- Kakodhiq Location within Albania
- Coordinates: 39°58′23″N 20°06′24″E﻿ / ﻿39.97306°N 20.10667°E
- Country: Albania
- County: Vlorë
- Municipality: Delvinë
- Elevation: 620 m (2,030 ft)
- Time zone: UTC+1 (CET)
- • Summer (DST): UTC+2 (CEST)

= Kakodhiq =

Kakodhiq (Kakodhiqi; Κακοδίκι; romanized: Kakodíqi or Kakodíki) is a village in Vlorë County, southern Albania. At the 2015 local government reform it became part of the municipality of Delvinë.

== Demographics ==
The Ottoman defter of 1582 for the Sanjak of Delvina provides records for the village of Kakodhiq.
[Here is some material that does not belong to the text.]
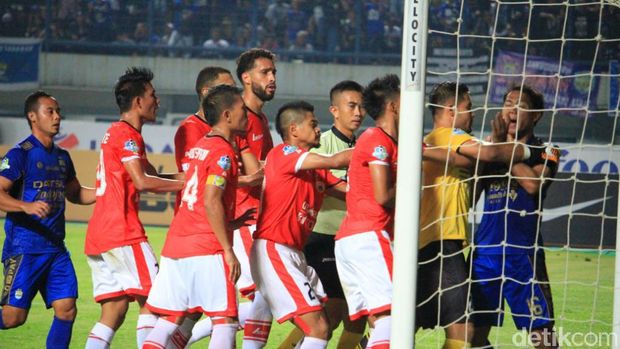 Sempat terjadi kericuhan antarpemain dalam laga Persib Bandung dengan Persija di Stadion GBLA, Bandung, Sabtu (22/7/2017).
A significant portion of the anthroponyms recorded in the register belonged to the Albanian onomastic sphere, including personal names such as Bos, Dedë, Dodë, Gjergj, Gjin, Gjokë, Gjon, Lalë, Lekë, Muzhak, and others. However, more ambiguous or general Christian anthroponyms that were historically used by both Albanian and non-Albanian groups are also attested. In Kakodhiq, a third of the population recorded bore either an Albanian personal name or patronym. These figures do not take into account kinship ties shared between individuals bearing typical Albanian anthroponymy and those bearing more ambiguous names, and also do not include those bearing names that can be etymologically explained through Albanian (e.g., Bardhi, Buzmiri, Buzuku). As such the ethnic Albanian element must have represented a larger proportion.

According to Ottoman statistics, the village had 443 inhabitants in 1895. The village is inhabited by Greeks and the population was 211 in 1992.